$\int_{-L}^{+L}h(z)\,dz = 2 \sum_{-\infty}^{+\infty}\frac {a_n}{n} \sin (nL)$

Question

is it possible to find a formula for $a_n$ from $$\int_{-L}^{+L}h(z)\,dz = 2 \sum_{-\infty}^{+\infty}\frac {a_n}{n} \sin (nL)$$ For $n=0$ the series is $0$
Thanks

Answer 1

If we have a function $h: [-L,L]\to \mathbb{R}$ then (under some conditions) we can expland it in a Fourier series

$$h(x) = \sum a_n \sin(2\pi x/L) + b_n \sin(2\pi x/L)$$

where the coeficients $a_n,b_n$ are given by some well known relations.

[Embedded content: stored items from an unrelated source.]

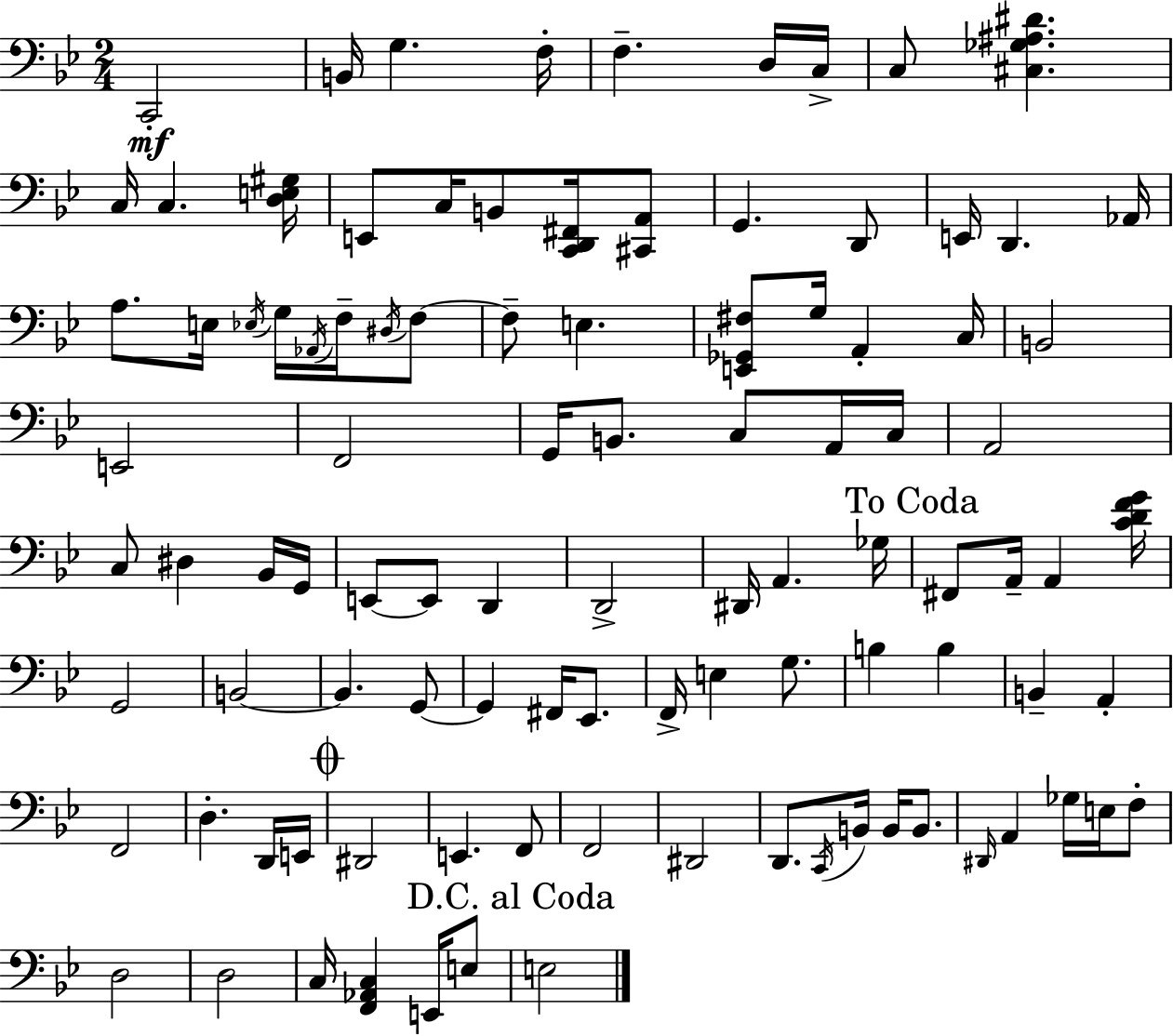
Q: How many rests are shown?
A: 0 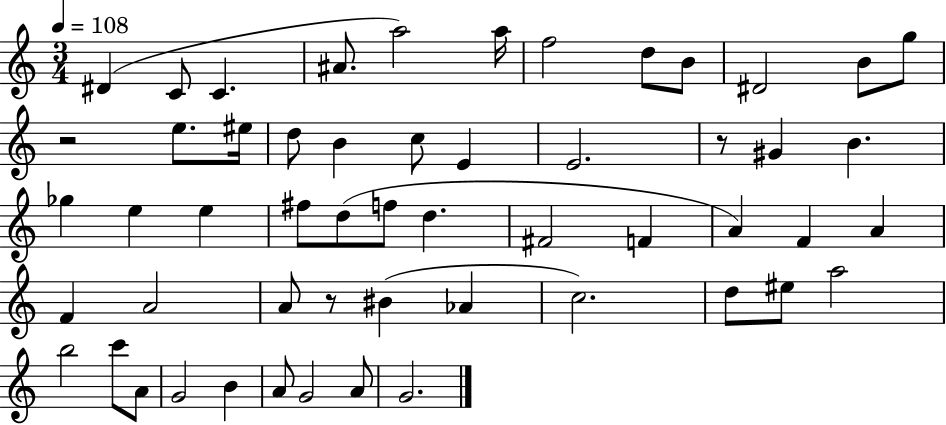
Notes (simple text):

D#4/q C4/e C4/q. A#4/e. A5/h A5/s F5/h D5/e B4/e D#4/h B4/e G5/e R/h E5/e. EIS5/s D5/e B4/q C5/e E4/q E4/h. R/e G#4/q B4/q. Gb5/q E5/q E5/q F#5/e D5/e F5/e D5/q. F#4/h F4/q A4/q F4/q A4/q F4/q A4/h A4/e R/e BIS4/q Ab4/q C5/h. D5/e EIS5/e A5/h B5/h C6/e A4/e G4/h B4/q A4/e G4/h A4/e G4/h. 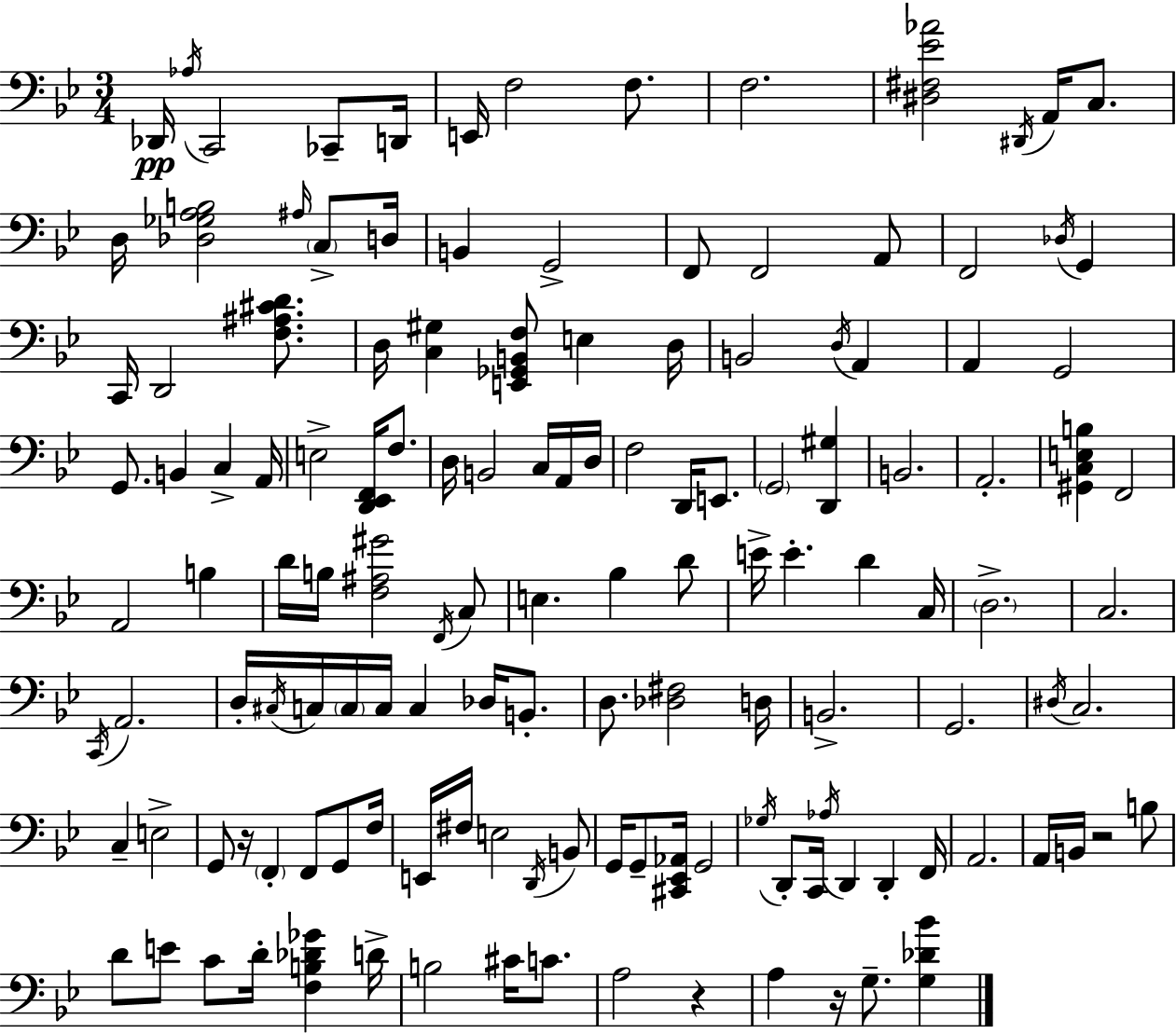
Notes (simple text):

Db2/s Ab3/s C2/h CES2/e D2/s E2/s F3/h F3/e. F3/h. [D#3,F#3,Eb4,Ab4]/h D#2/s A2/s C3/e. D3/s [Db3,Gb3,A3,B3]/h A#3/s C3/e D3/s B2/q G2/h F2/e F2/h A2/e F2/h Db3/s G2/q C2/s D2/h [F3,A#3,C#4,D4]/e. D3/s [C3,G#3]/q [E2,Gb2,B2,F3]/e E3/q D3/s B2/h D3/s A2/q A2/q G2/h G2/e. B2/q C3/q A2/s E3/h [D2,Eb2,F2]/s F3/e. D3/s B2/h C3/s A2/s D3/s F3/h D2/s E2/e. G2/h [D2,G#3]/q B2/h. A2/h. [G#2,C3,E3,B3]/q F2/h A2/h B3/q D4/s B3/s [F3,A#3,G#4]/h F2/s C3/e E3/q. Bb3/q D4/e E4/s E4/q. D4/q C3/s D3/h. C3/h. C2/s A2/h. D3/s C#3/s C3/s C3/s C3/s C3/q Db3/s B2/e. D3/e. [Db3,F#3]/h D3/s B2/h. G2/h. D#3/s C3/h. C3/q E3/h G2/e R/s F2/q F2/e G2/e F3/s E2/s F#3/s E3/h D2/s B2/e G2/s G2/e [C#2,Eb2,Ab2]/s G2/h Gb3/s D2/e C2/s Ab3/s D2/q D2/q F2/s A2/h. A2/s B2/s R/h B3/e D4/e E4/e C4/e D4/s [F3,B3,Db4,Gb4]/q D4/s B3/h C#4/s C4/e. A3/h R/q A3/q R/s G3/e. [G3,Db4,Bb4]/q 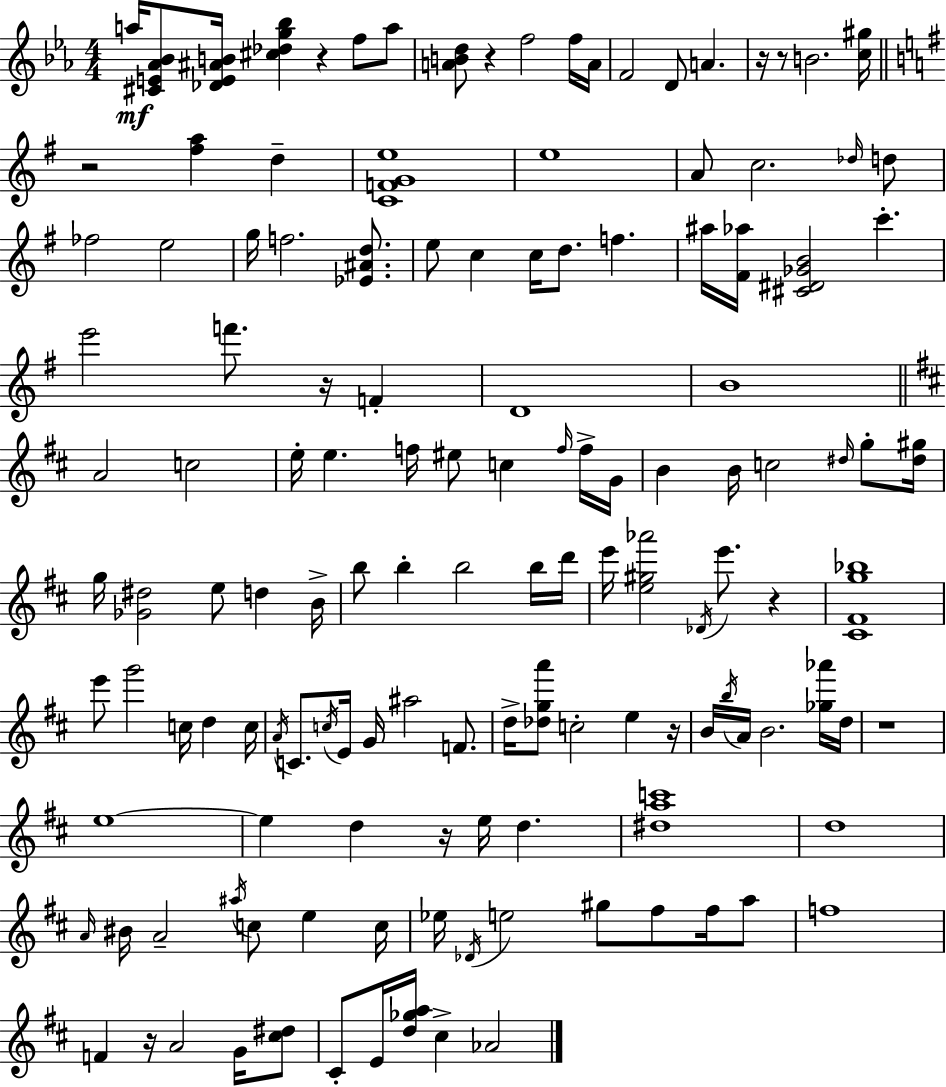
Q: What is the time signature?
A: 4/4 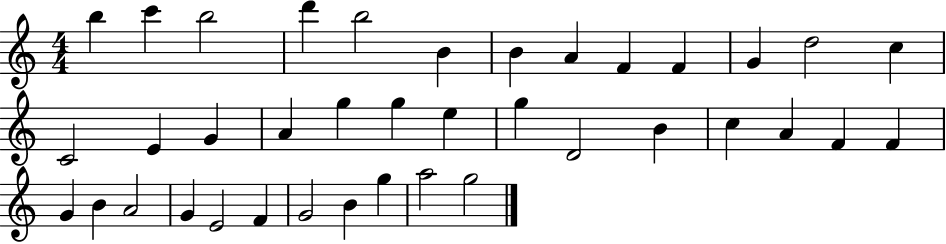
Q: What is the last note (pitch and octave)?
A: G5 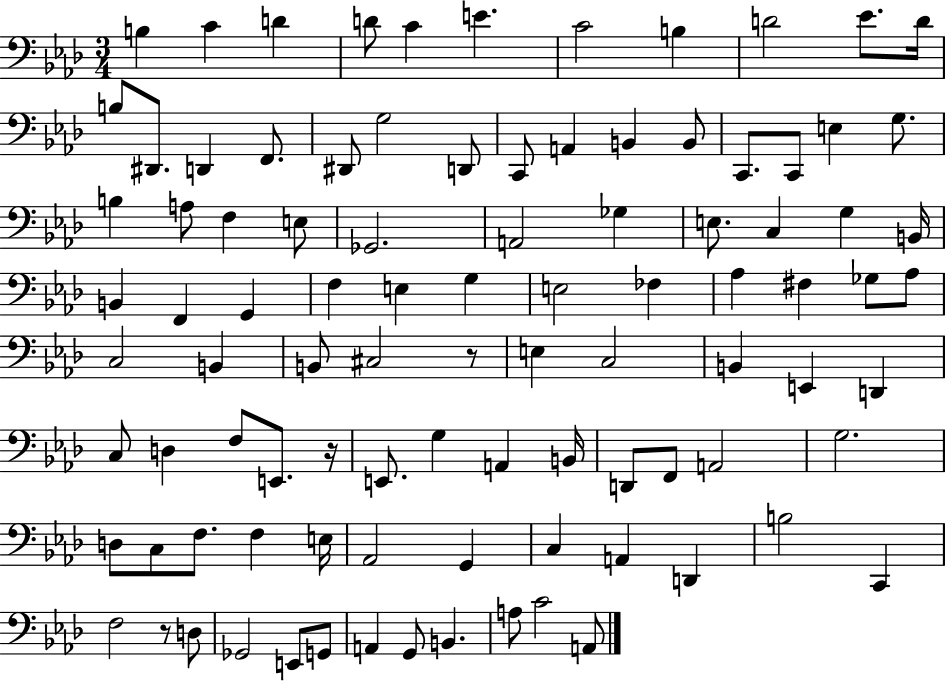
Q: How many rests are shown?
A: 3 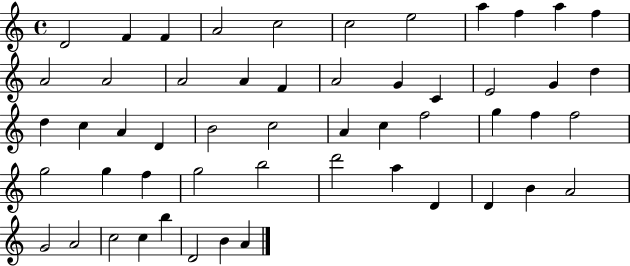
X:1
T:Untitled
M:4/4
L:1/4
K:C
D2 F F A2 c2 c2 e2 a f a f A2 A2 A2 A F A2 G C E2 G d d c A D B2 c2 A c f2 g f f2 g2 g f g2 b2 d'2 a D D B A2 G2 A2 c2 c b D2 B A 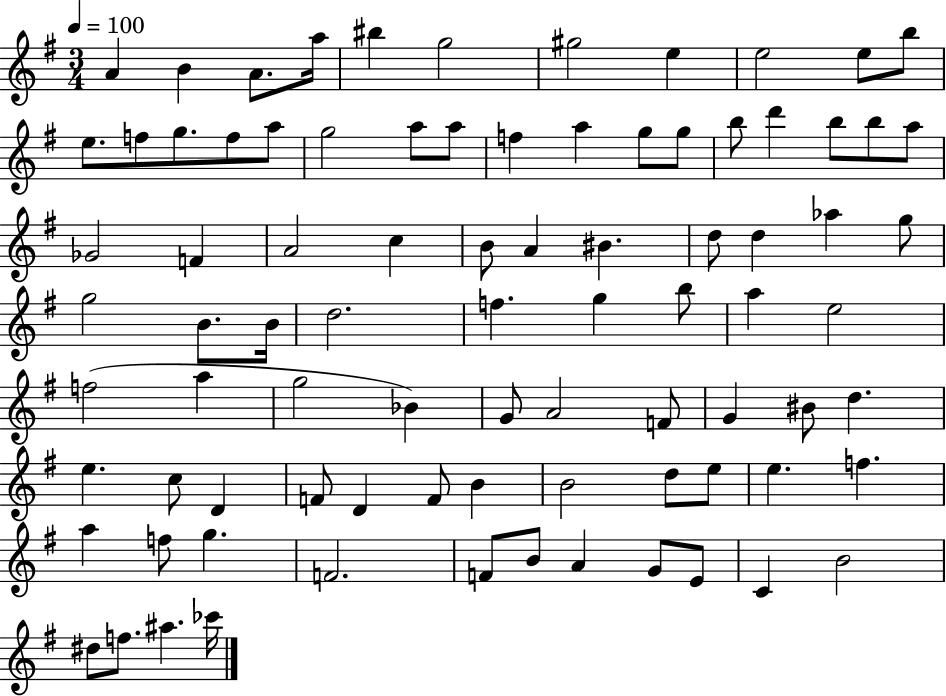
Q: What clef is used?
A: treble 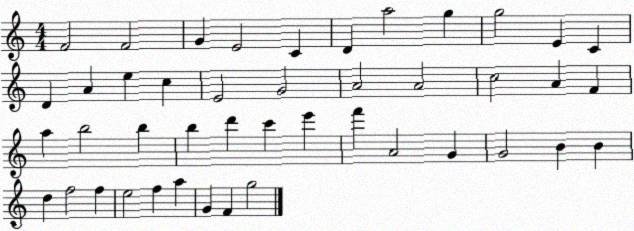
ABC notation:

X:1
T:Untitled
M:4/4
L:1/4
K:C
F2 F2 G E2 C D a2 g g2 E C D A e c E2 G2 A2 A2 c2 A F a b2 b b d' c' e' f' A2 G G2 B B d f2 f e2 f a G F g2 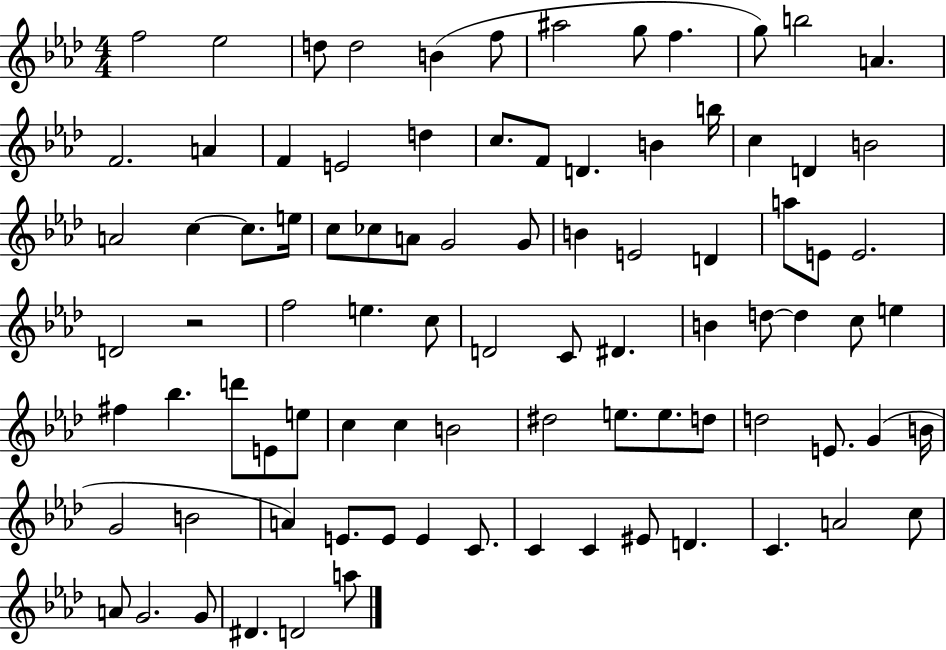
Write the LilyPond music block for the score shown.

In your case you don't have a function to expand in a Fourier series (which it seems like you are trying to do). You only have a single value

$$I = \int_{-L}^Lh(x)dx$$

which you want to write as

$$I = \ldots + \frac{2a_{-1}\sin(-L)}{-1} + 2La_0 + \frac{2a_{1}\sin(L)}{1} + \frac{2a_{2}\sin(2L)}{2} + \ldots$$

This is one single equation with an infinite amount of unknowns ($a_0,a_1,\ldots$) and therefore it has an infinite number of solution. One example is $a_0 = \frac{I}{2L}$ with the rest of the terms being zero. Another (random example) is $a_0 = 7$ and $a_2 = \frac{I-14L}{\sin(2L)}$ and the rest zero.

Answer 2

I can offer another way to see what Winther is getting at, and maybe provide a different direction you can take this problem.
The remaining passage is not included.